Sadali has mythological, historical and semi-historical folklore links.

==Geography==
Sadali in Sidlagatta Taluk, is a village north of Sidlagatta town on the road to Bagepalli. It is surrounded by small hillocks. It has two big tanks built by the kings of erstwhile Kingdom of Mysore.

==Mythology==
Tradition has it that it was founded by Sahadeva, the youngest of the Pandava brothers, and hence was called Sahadevapatna/Sahadevapura. It was later abbreviated as Sahadevapalli, Sadahalli and now Sadali.

==History==
It was one of the provinces under Vijayanagara Empire called the Sadali Kingdom, which seems to have included Chikkaballapur and the adjoining area; this was in Naganna Odeyar's charge under Bukka in 1371 AD. Naganna Odeyar and his son Depanna Odeyar figure prominently in connection with Sadali between 1370 and 1385. Their exact relation with the ruling family of Vijayanagara is not known.

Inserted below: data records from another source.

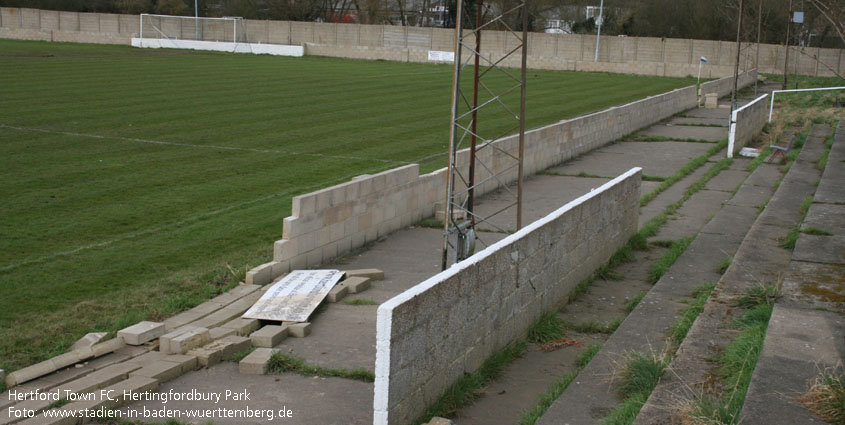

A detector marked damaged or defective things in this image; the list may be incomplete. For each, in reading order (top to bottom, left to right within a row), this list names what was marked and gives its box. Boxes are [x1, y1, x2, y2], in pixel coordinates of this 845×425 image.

rusty metal lattice tower [442, 0, 528, 268]
broken concrete slab [69, 330, 107, 350]
broken concrete slab [118, 322, 166, 344]
broken concrete slab [249, 324, 288, 348]
broken concrete slab [237, 348, 276, 374] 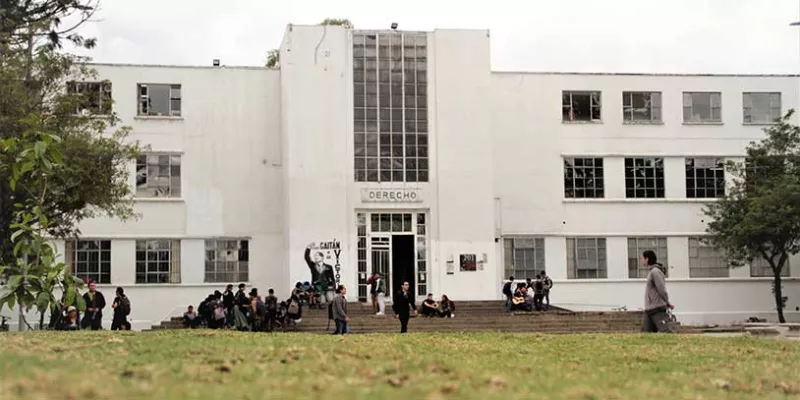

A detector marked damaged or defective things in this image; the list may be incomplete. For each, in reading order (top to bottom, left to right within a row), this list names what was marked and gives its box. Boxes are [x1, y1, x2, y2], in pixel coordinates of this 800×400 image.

broken window pane [138, 83, 183, 116] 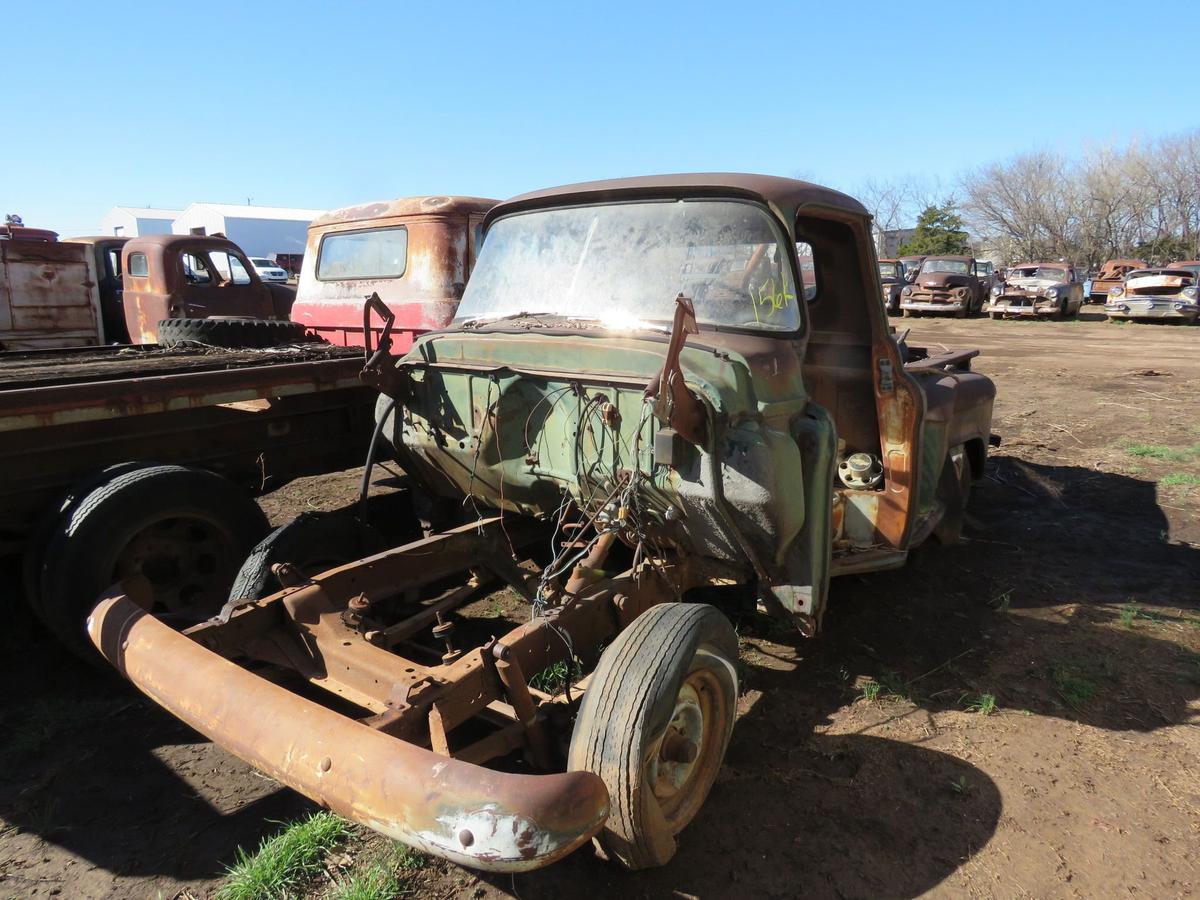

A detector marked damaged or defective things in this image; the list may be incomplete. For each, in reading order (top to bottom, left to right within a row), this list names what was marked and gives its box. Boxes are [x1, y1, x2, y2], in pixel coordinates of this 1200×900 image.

rusted metal surface [0, 237, 101, 350]
rusted metal surface [120, 234, 290, 343]
rusty pickup truck cab [120, 232, 298, 345]
rusty pickup truck cab [290, 196, 496, 348]
rusted metal surface [292, 194, 499, 348]
rusty pickup truck cab [902, 255, 984, 319]
rusty pickup truck cab [984, 260, 1089, 321]
rusted metal surface [1089, 259, 1142, 301]
rusty pickup truck cab [1104, 264, 1200, 324]
rusty pickup truck cab [91, 174, 993, 873]
chrome bumper with rust [87, 592, 609, 873]
rusted fender [88, 592, 609, 873] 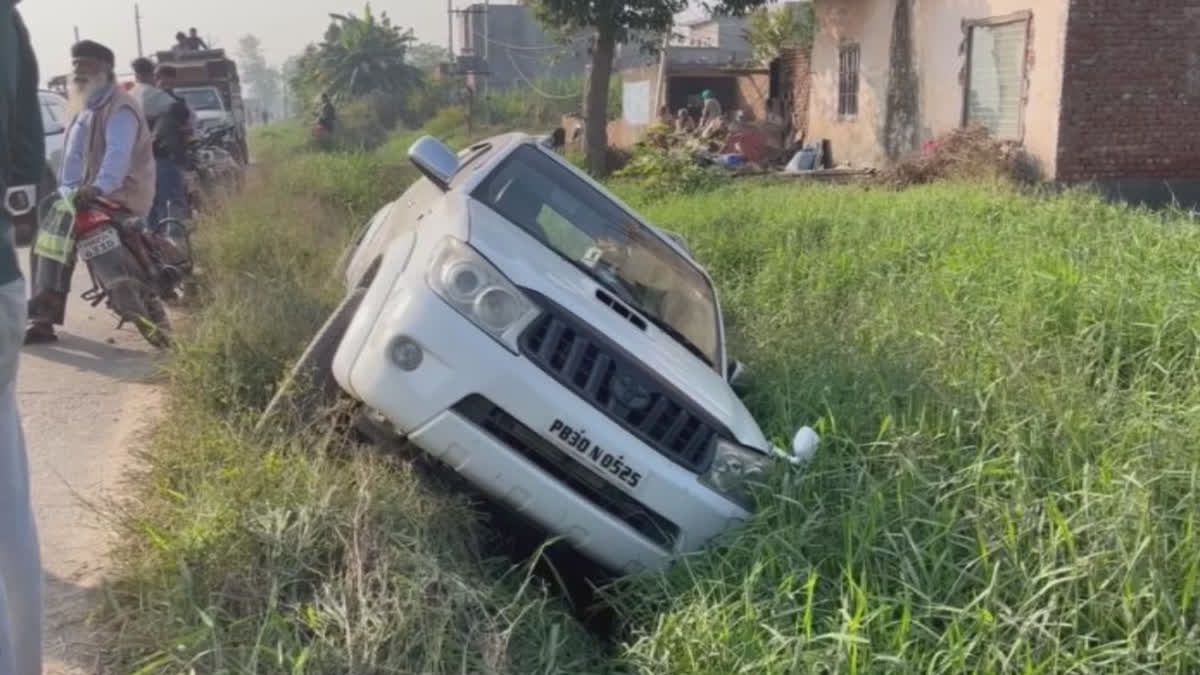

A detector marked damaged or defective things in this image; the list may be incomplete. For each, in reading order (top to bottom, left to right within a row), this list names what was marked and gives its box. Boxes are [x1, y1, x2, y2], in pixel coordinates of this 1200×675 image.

cracked windshield [474, 145, 716, 368] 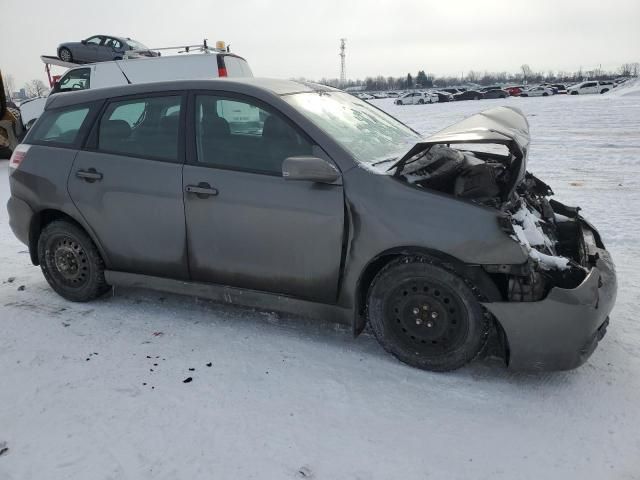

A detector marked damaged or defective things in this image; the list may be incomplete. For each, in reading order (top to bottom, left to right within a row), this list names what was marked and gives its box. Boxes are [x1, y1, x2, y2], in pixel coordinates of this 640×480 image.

damaged gray hatchback [5, 79, 616, 372]
crushed bumper [484, 226, 616, 372] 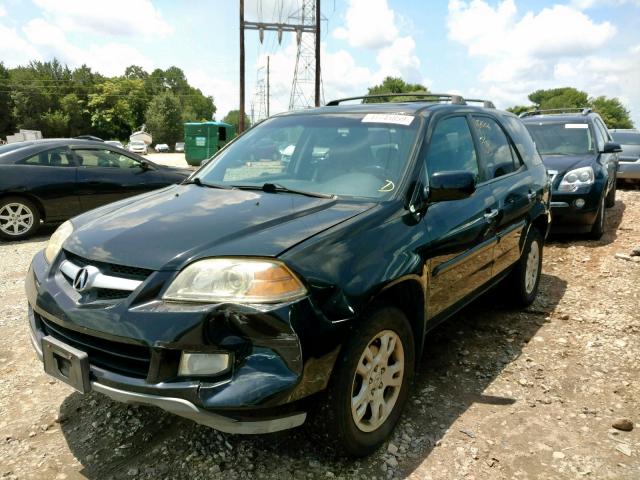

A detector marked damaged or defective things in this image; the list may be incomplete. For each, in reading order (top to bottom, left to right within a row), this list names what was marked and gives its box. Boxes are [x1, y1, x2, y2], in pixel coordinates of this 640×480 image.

damaged black acura mdx [27, 94, 552, 458] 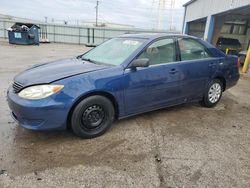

In the historical period, the village changed hands several times. Khasim Khan, a Military Commandant of Moghul Empire conquered this area and it was annexed to the Sira Suba (Province of Sira) and bestowed as a Jagir on two Muslim chiefs. (One of them was Fateh Mohamad, father of Hyder Ali). To prevent its falling into the hands of Nawab of Cuddapah, they privately disposed of it about 1759 AD to Dodda Baire Gauda of Chikballapur and later it was seized by Hyder Ali, father of Tippu Sultan in 1762 AD. Dodda Baire Gauda was a descendant of Rana Baire Gauda who ruled Avathi. This dynasty was responsible for development of Chikballapur, Doddaballapur, Sidlagatta and Sadali.